#### What you should do
There are pictures in the records below; leave them out and set down exactly the lines from the one holding "(line drawing) 142096816" through the one holding "Gucci Horsebit vertical".

Entries taken from a collection
____
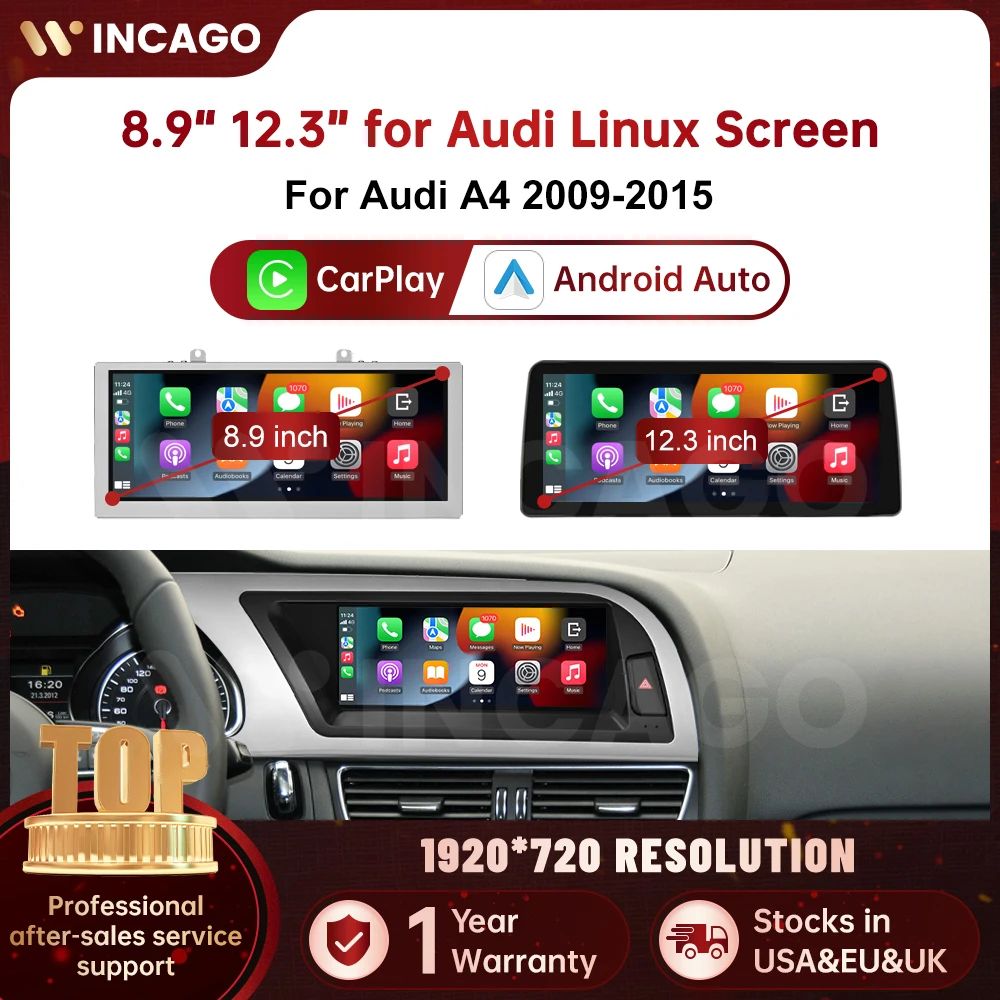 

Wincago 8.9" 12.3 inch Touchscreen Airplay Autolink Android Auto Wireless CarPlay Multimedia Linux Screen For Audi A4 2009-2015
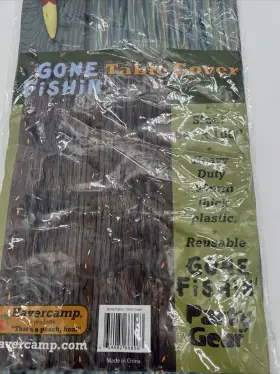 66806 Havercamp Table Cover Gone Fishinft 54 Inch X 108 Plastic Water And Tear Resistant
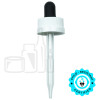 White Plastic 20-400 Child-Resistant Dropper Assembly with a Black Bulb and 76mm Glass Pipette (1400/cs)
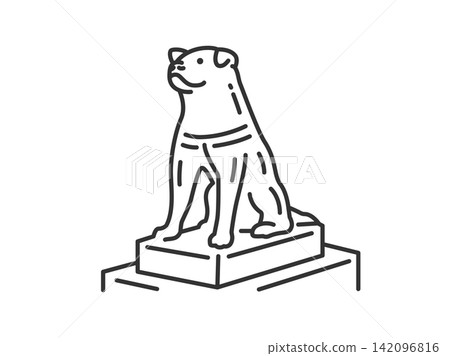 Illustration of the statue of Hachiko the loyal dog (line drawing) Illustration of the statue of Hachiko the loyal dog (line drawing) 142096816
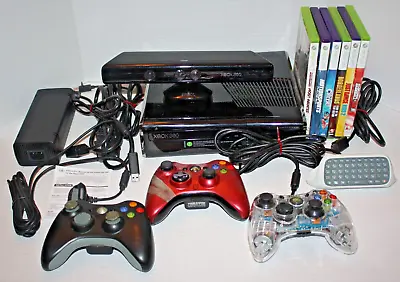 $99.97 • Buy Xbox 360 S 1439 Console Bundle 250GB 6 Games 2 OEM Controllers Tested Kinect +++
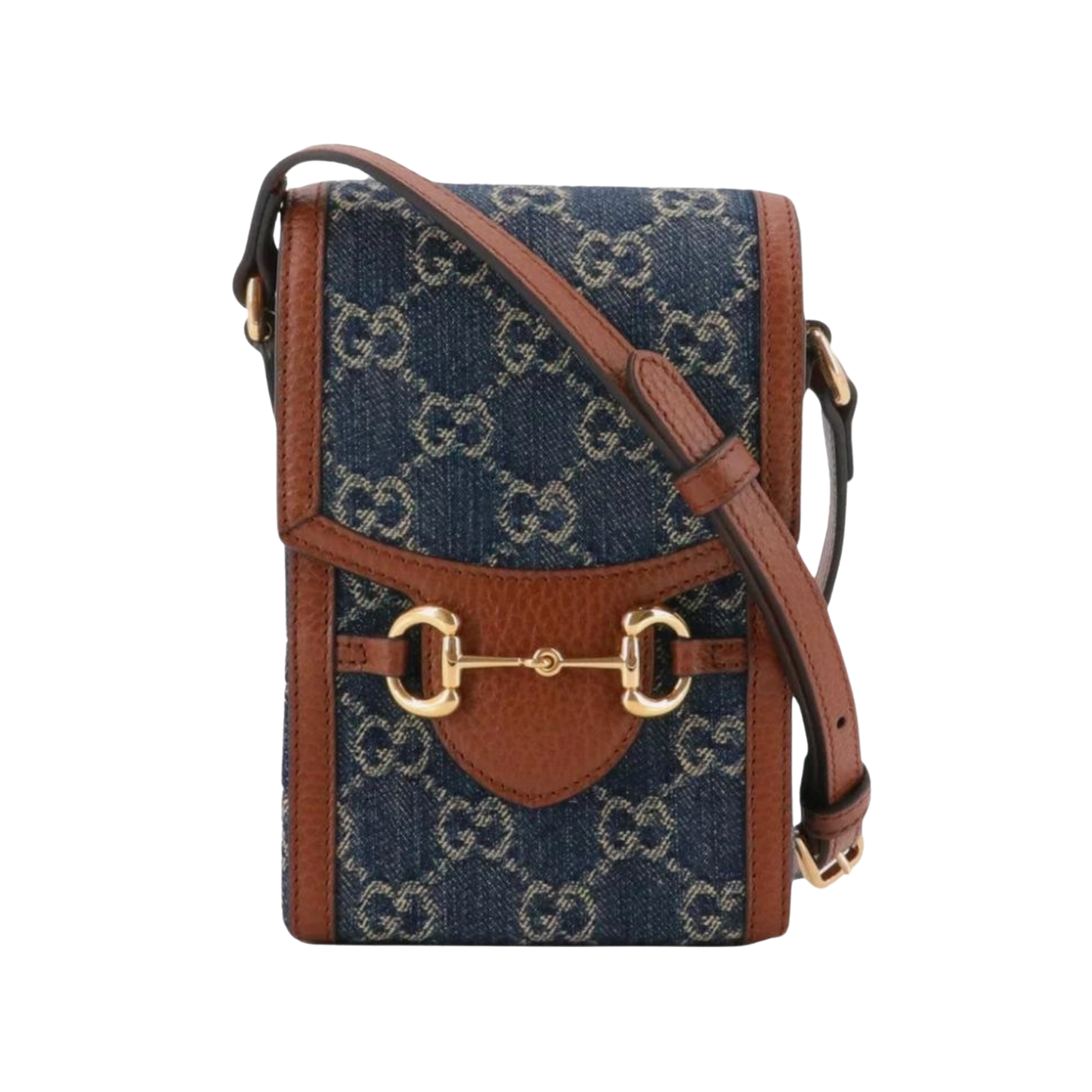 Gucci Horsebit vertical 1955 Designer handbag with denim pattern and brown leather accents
____
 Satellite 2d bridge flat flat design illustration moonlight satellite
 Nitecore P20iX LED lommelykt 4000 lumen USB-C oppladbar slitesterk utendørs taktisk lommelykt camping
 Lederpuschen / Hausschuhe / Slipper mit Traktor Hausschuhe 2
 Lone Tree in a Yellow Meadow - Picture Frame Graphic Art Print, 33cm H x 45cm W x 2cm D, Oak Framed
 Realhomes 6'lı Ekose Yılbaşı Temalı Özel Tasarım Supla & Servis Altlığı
____
#### Answer below
 Illustration of the statue of Hachiko the loyal dog (line drawing) Illustration of the statue of Hachiko the loyal dog (line drawing) 142096816
 $99.97 • Buy Xbox 360 S 1439 Console Bundle 250GB 6 Games 2 OEM Controllers Tested Kinect +++
 Gucci Horsebit vertical 1955 Designer handbag with denim pattern and brown leather accents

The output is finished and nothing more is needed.